I haven't had a decent cramp since 1997, and while it scares me, it also excites me a little. I will the spasm to subside, and it creeps up again and again, and somehow I keep it down.
"Strong finish!" yells a spectator as I head for the line. In a Tri I can usually manage a sprint in the last 100m, but I can't finish strong today. The moment I stop I'm limping. Time to lie down and massage that leg, which works: within minutes it's walkable again, and a couple of hours later I can't feel the cramp at all. It's worked; I beat it. But I've learned respect for the Duathlon - a respect some triathletes don't have. A new multisport for me.
Run, bike, run. The biggest duathlon event in the world before it even started. With a renewed interest in sport fuelled by the 2012 Olympics win, London just does athletics bigger these days. (I'm waiting for the swim centre, personally - but thanks for the additional Tube station being built behind my house.)
The event at Richmond Park turns out to be surprisingly hard. When I arrive before 8am there's still frost on the ground, and that's no weather to be wearing a Trisuit; glad I packed running tights and a jacket. Keep ignoring the pangs of forgetting my wetsuit; habits die hard, and although I know I'm not going to get wet today my eyes keep being drawn to the unusually empty compartment at the base of my bag.
At first, it seems a little too... organised. Waves of just 10, released every 30 seconds - overkill, surely? It's only out on the course that I realise the whole race has to happen along a single lane of low-capacity road, and spreading people out is the only way to make it work. Whoever planned this was brilliant.
The first 10K goes ok. Slow (I'm a bad runner) but steady; saving myself up. Plenty of people pass, in accordance with prophecy. Nothing creates a problem. I'm fine, and I'm rolling. Duathlon transitions are a cinch if you're used to Tri. Onto the bike, and I start making up places again; it seems everyone here is a runner. They're trading up, while I'm trading down.
The bike goes well - hitting 35km/h even on these narrow pathways. But the third leg really hits hard. Coming off the bike and running - again - is a problem from Step One. I decide to plod: small steps, still nominally running, but slow as a US Government disaster response when black people are the main group suffering. 2Km from the finish, a spasm starts itself up in my right leg - the feeling you get just before a major cramp twists a major muscle into an orgy of pain.

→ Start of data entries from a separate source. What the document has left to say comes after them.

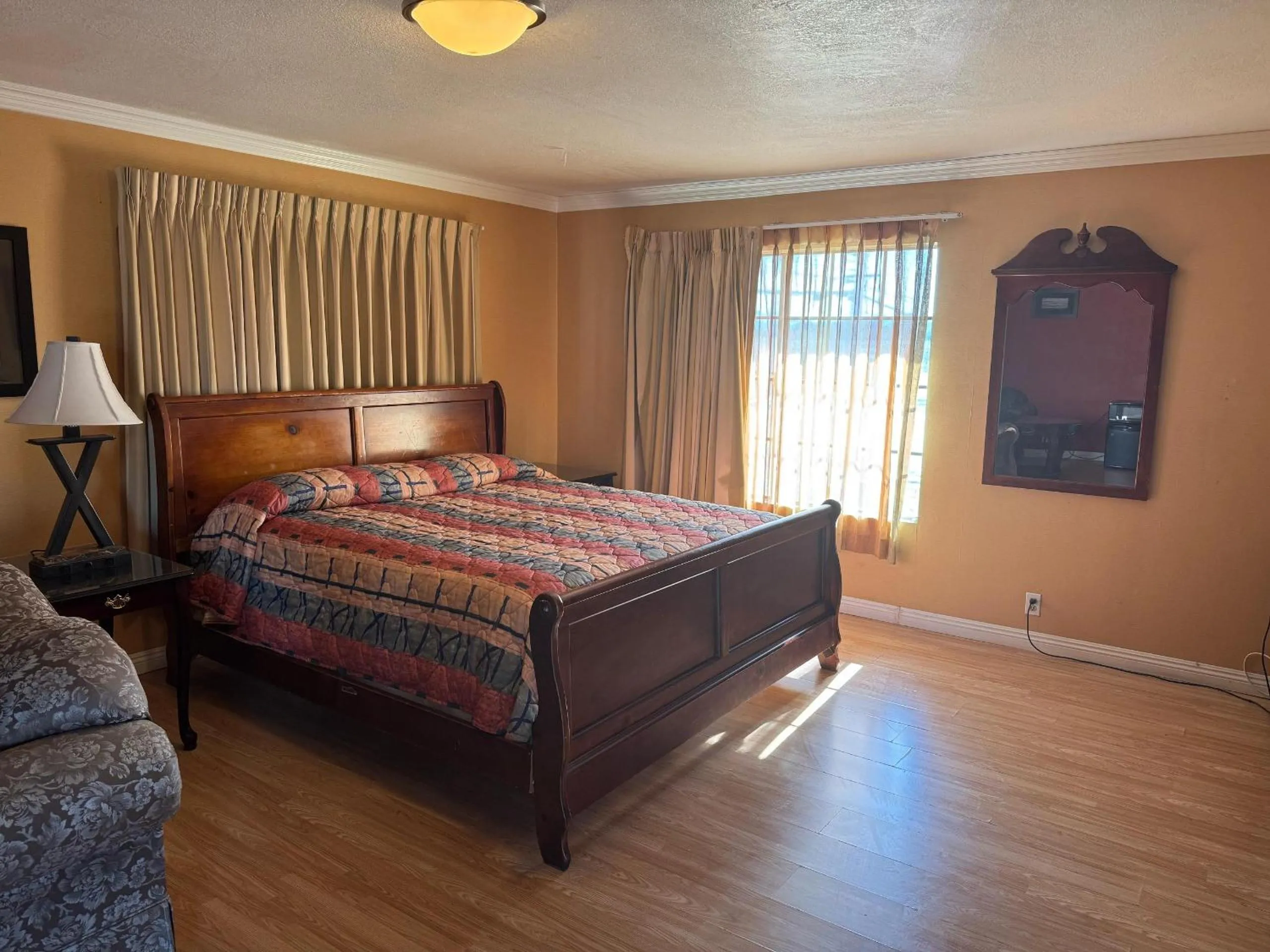 Bed in Vista Motel - Riverside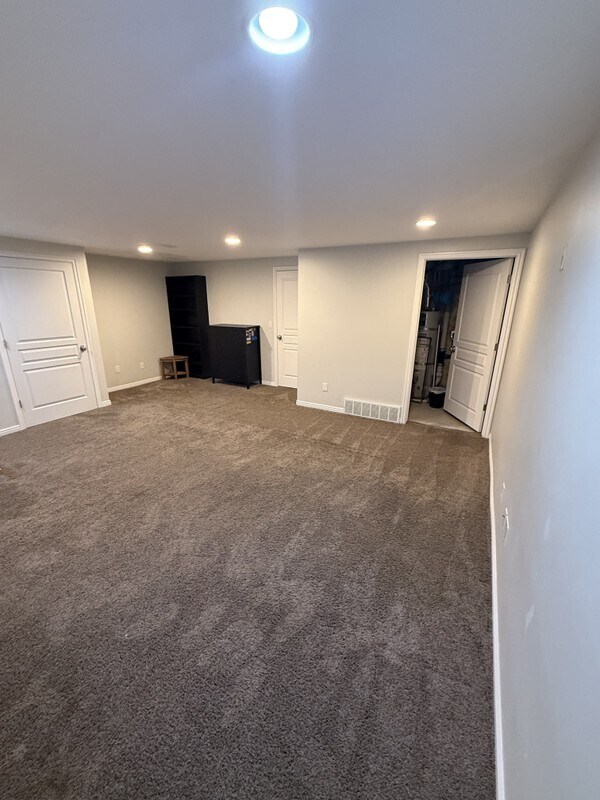 Building Photo - 3219 N 150 W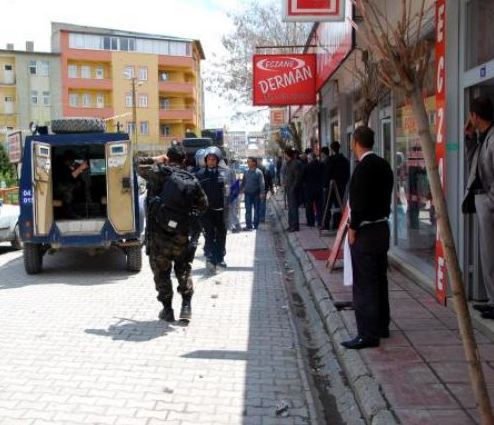 Ağrı'yı savaş alanına çevirdiler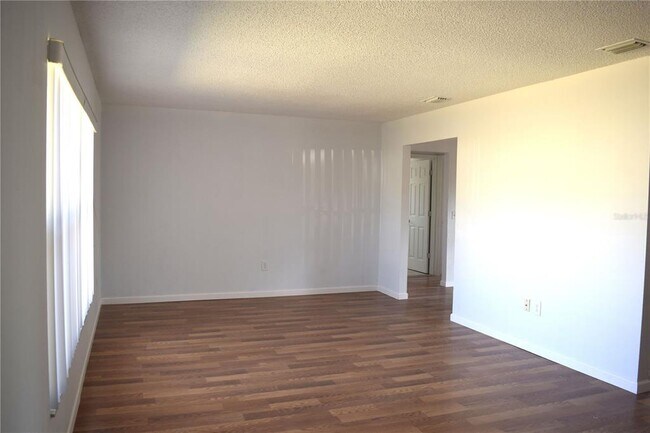 Foto del edificio - 463 Marion Oaks Dr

Instead of the standard response - you know, that inner monologue of 'Oh no! In half a second this is going to hurt like a motherfucker!' - and letting it happen, I fight it. I push the thigh on each step, a brief massage that stops it collapsing into chaos. I'm concerned that if I stop that'll be the trigger for the cramp to kick in, flipping a major muscle 180 degrees under my skin and turfing me out of the gym for days.
I haven't had a decent cramp since 1997, and while it scares me, it also excites me a little. I will the spasm to subside, and it creeps up again and again, and somehow I keep it down.

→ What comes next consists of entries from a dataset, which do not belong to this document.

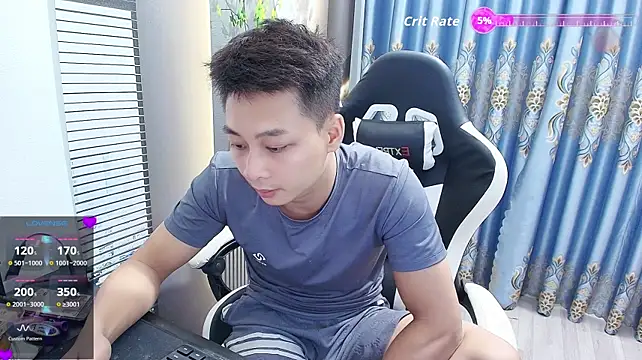Naughty___asian webcam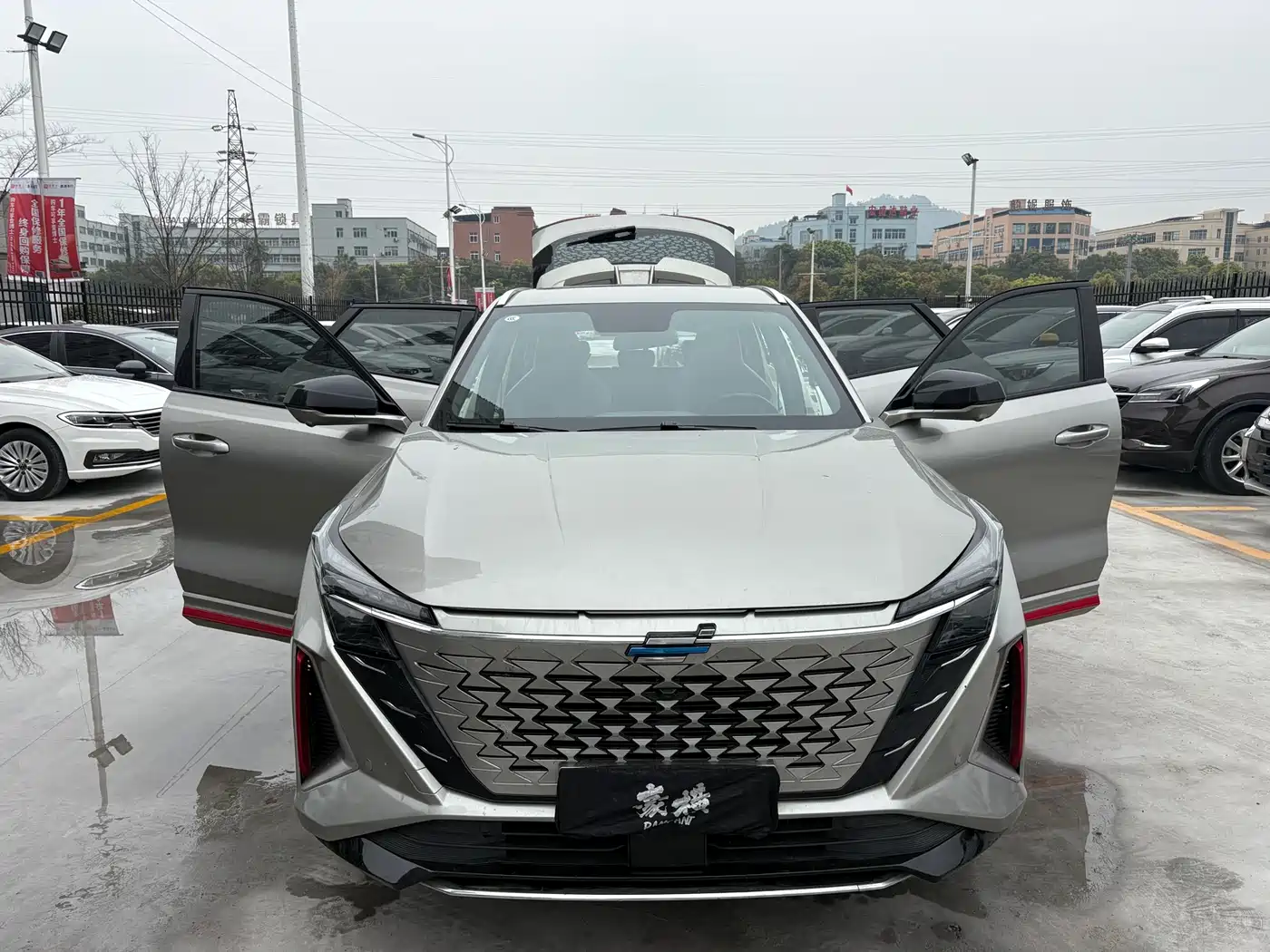 CHANGAN CHANGAN AUCHAN Z6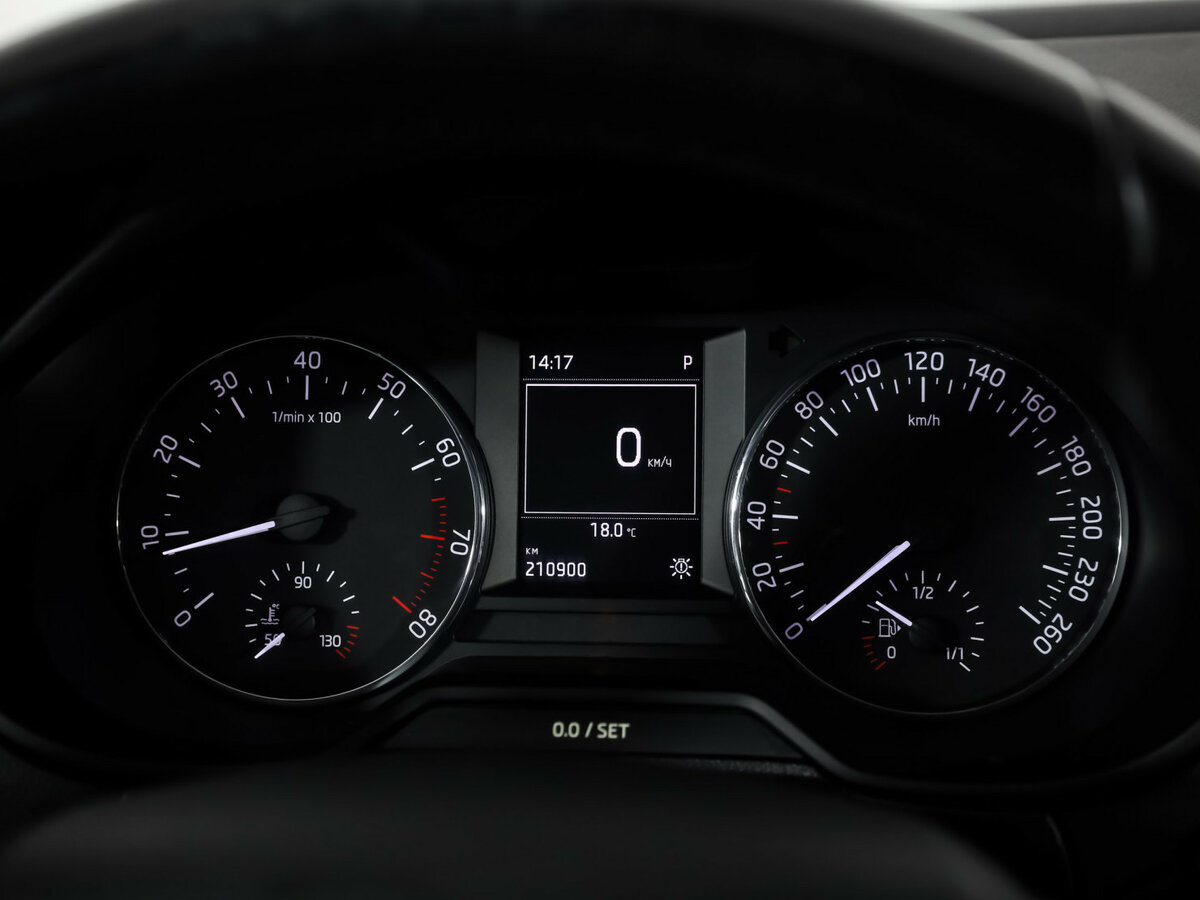 Skoda Octavia с пробегом — 2015 год. Фото: #10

"Strong finish!" yells a spectator as I head for the line. In a Tri I can usually manage a sprint in the last 100m, but I can't finish strong today. The moment I stop I'm limping. Time to lie down and massage that leg, which works: within minutes it's walkable again, and a couple of hours later I can't feel the cramp at all. It's worked; I beat it. But I've learned respect for the Duathlon - a respect some triathletes don't have. A new multisport for me.